Re: New leader/replica solution for HDFS

2015-02-25 Thread Joseph Obernberger
Thank you!  I'm mainly concerned about facet performance.  When we have 
indexing turned on, our facet performance suffers significantly.

I will add replicas and measure the performance change.

-Joe Obernberger

On 2/25/2015 4:31 PM, Erick Erickson wrote:

bq: Is adding replicas going to increase search performance?

Absolutely, assuming you've maxed out Solr. You can scale the SOLR
query/second rate nearly linearly by adding replicas regardless of
whether it's over HDFS or not.

Having multiple replicas per shard _also_ increases fault tolerance,
so you get both. Even with HDFS, though, a single replica (just a
leader) per shard means that you don't have any redundancy if the
motherboard on that server dies even though HDFS has multiple copies
of the _data_.

Best,
Erick

On Wed, Feb 25, 2015 at 12:01 PM, Joseph Obernberger
 wrote:

I am also confused on this.  Is adding replicas going to increase search
performance?  I'm not sure I see the point of any replicas when using HDFS.
Is there one?
Thank you!

-Joe


On 2/25/2015 10:57 AM, Erick Erickson wrote:

bq: And the data sync between leader/replica is always a problem

Not quite sure what you mean by this. There shouldn't need to be
any synching in the sense that the index gets replicated, the
incoming documents should be sent to each node (and indexed
to HDFS) as they come in.

bq: There is duplicate index computing on Replilca side.

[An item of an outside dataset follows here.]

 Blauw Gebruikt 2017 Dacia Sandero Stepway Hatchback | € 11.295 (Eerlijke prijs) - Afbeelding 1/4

Yes, that's the design of SolrCloud, explicitly to provide data safety.
If you instead rely on the leader to index and somehow pull that
indexed form to the replica, then you will lose data if the leader
goes down before sending the indexed form.

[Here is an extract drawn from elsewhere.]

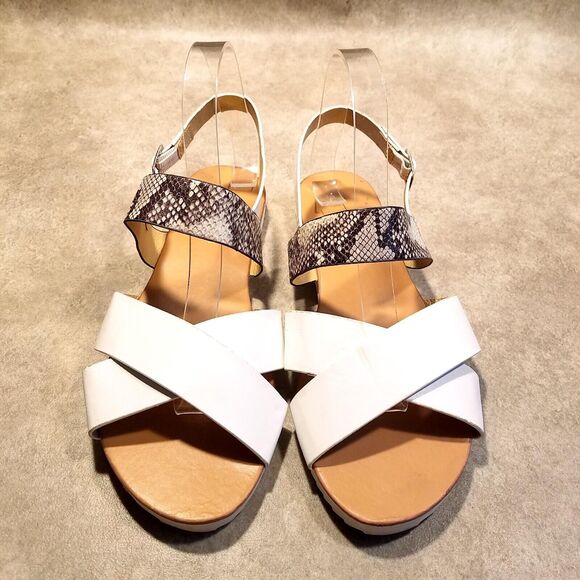 Restricted Womens   Size 9 White  Open Toe Slingback Sandals - Picture 2 of 10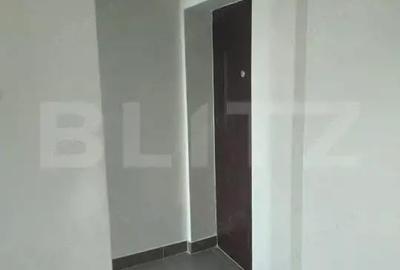 Apartament de vanzare, cu 2 camere, 33 mp, zona Piata 1 Mai - 8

bq: My thought is that the leader and the replica all bind to the same
data
index directory.

This is unsafe. They would both then try to _write_ to the same
index, which can easily corrupt indexes and/or all but the first
one to access the index would be locked out.

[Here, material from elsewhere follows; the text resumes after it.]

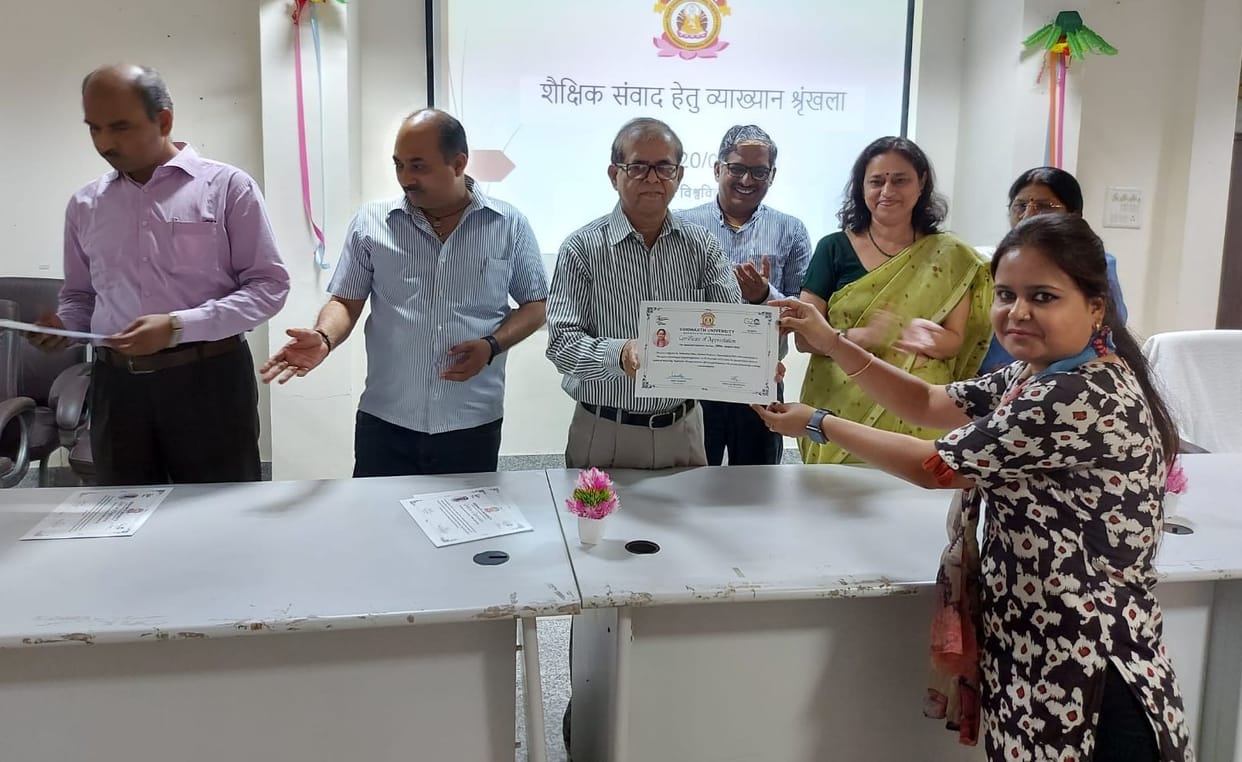 Teachers are evaluated on the basis of students' achievement: VC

All that said, the HDFS triple-redundancy compounded with the
Solr leaders/replicas redundancy means a bunch of extra
storage. You can turn the HDFS replication down to 1, but that has
other implications.

Best,
Erick

On Tue, Feb 24, 2015 at 11:12 PM, longsan  wrote:

We used HDFS as our Solr index storage and we really have a heavy update
load. We had met much problems with current leader/replica solution.
There
is duplicate index computing on Replilca side. And the data sync between
leader/replica is always a problem.

As HDFS already provides data replication on data layer, could Solr
provide
just service layer replication?

My thought is that the leader and the replica all bind to the same data
index directory. And the leader will build up index for new request, the
replica will just keep update the index version with the leader(such as a
soft commit periodically? ). If the leader lost then the replica will
take
the duty immediately.

Thanks for any suggestion of this idea.







--
View this message in context:
http://lucene.472066.n3.nabble.com/New-leader-replica-solution-for-HDFS-tp4188735.html
Sent from the Solr - User mailing list archive at Nabble.com.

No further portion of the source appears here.